Source data.
-.-.-
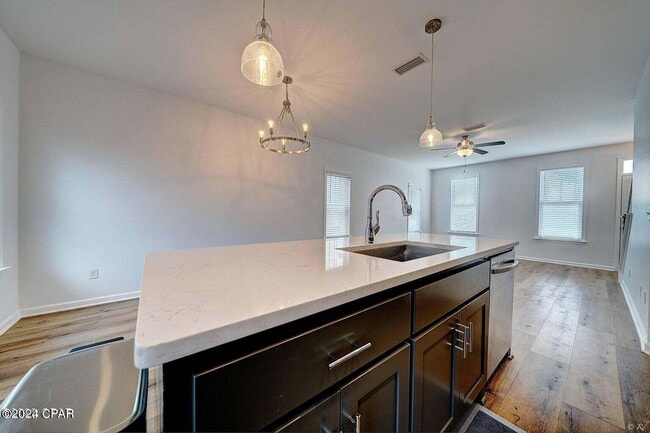Building Photo - 430 Raven Ln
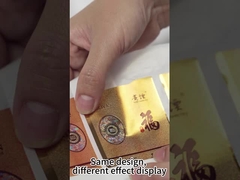 etichetta autoadesiva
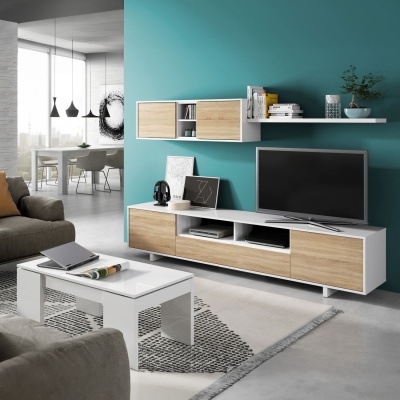 Conjunto de móvel de sala branco e madeira clara com prateleira suspensa e mesa de centro branca em sala moderna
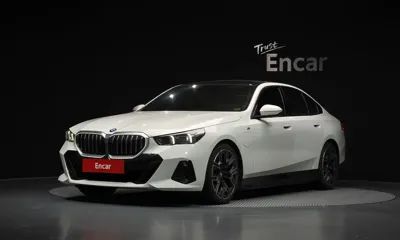 BMW 5-Series · 2025 год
-.-.-
Return the material word for word, images omitted.

Worked solution.
Building Photo - 430 Raven Ln
 etichetta autoadesiva
 Conjunto de móvel de sala branco e madeira clara com prateleira suspensa e mesa de centro branca em sala moderna
 BMW 5-Series · 2025 год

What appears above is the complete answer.